Nous en venons à cette tour carrée, connue sous le nom d'ancien
presbytère, mais à l'origine auditoire de justice construit en l 771.
Que se passa-t-il pour que Beauvoir fût ainsi distingué ?
Tout simplement une histoire de justice dans un contexte national.
Autour des années l 770, les chanoines de la cathédrale
présentent une requête au Roi concernant " la mauvaise administration dans leurs paroisses, terres et seigneuries de Pourrain. Parly Merry-la-vallée. Beauvoir Saint-Martin-sur-ocre Egleny et
Lindry situées dans le bailliage d ' Auxerre et toutes contiguës les unes aux autres ".

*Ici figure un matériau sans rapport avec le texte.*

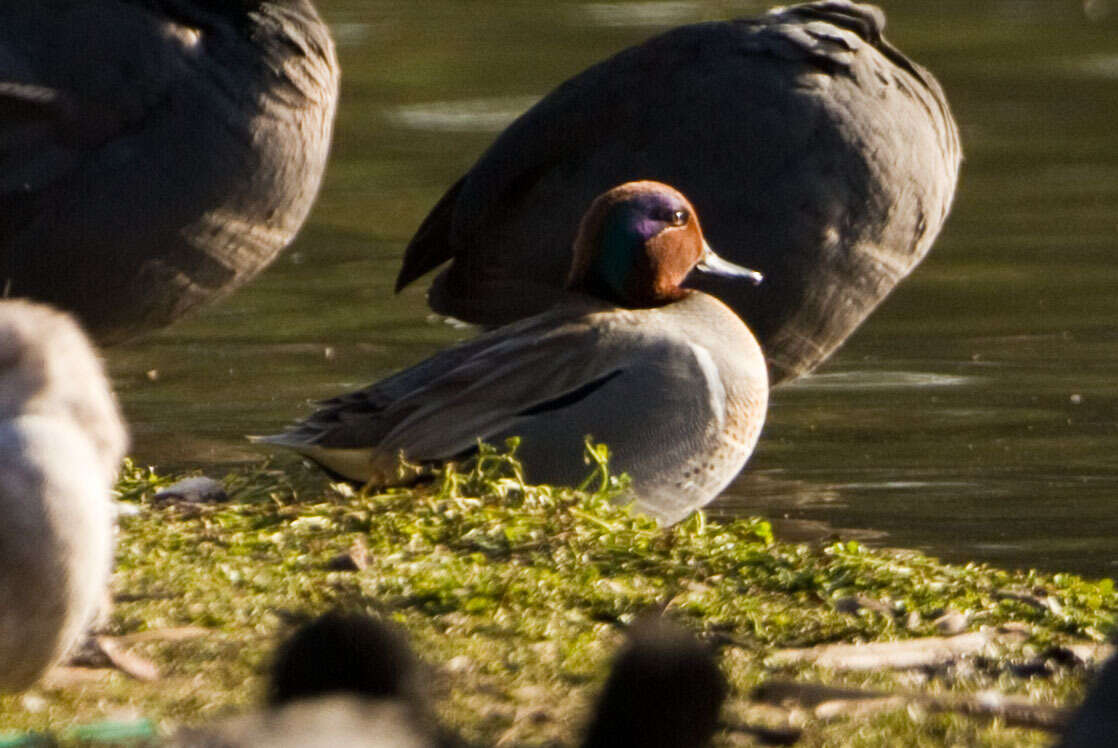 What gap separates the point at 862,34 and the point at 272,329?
3.91 meters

La raison en est la rareté des affaires : " l'officier
se trouve à l'audience lorsqu 'il n'y a pas d 'affaires et les parties s'y trouvent lorsqu 'il n'y a pas d 'officier ".

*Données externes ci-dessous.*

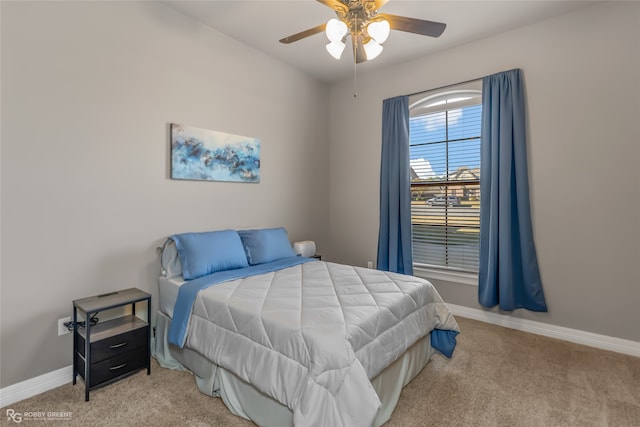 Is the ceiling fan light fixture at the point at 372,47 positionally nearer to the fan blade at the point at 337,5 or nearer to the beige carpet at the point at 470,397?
the fan blade at the point at 337,5

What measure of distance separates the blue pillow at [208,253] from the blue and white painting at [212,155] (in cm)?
61

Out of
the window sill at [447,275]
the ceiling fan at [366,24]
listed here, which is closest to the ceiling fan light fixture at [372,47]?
the ceiling fan at [366,24]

Le roi ordonne donc que ces 7 communes de la Vallée d'Aillant
soient réunies en une seule et même juridiction dont la justice sera exercée et administrée à Beauvoir.
Cette décision a été dictée par le contexte national.
Le roi, Louis XV, avait tenté d'établir un impôt, le
vingtième. Voici ce qu'il disait de cette imposition : " il n'y en a pas de plus juste et de plus égale puisqu'elle se répartit sur tous et chacun de nos sujets dans la proportion de leurs biens
et de leurs facultés ".
Les Parlements, où se trouvent des hommes de privilèges,
refusèrent de procéder à l'enregistrement de cette loi.
Lorsqu'ils furent contraints de le faire, tout fut bon pour en retarder l'application.
En particulier, les affaires de justice ne se traitaient plus.
Or ces 7 communes, même si elles relevaient du baillage
d'Auxerre, ne se trouvaient pas dépendre des mêmes parlements : parlements de Paris, de Dijon, d'Orléans, et en cas de désaccord, il serait difficile de retrouver la compétence territoriale de
chacun.
Trop heureux que l'on fasse appel à lui pour des affaires de
justice alors que la magistrature paralyse le pays, le roi prend donc la décision de ce regroupement.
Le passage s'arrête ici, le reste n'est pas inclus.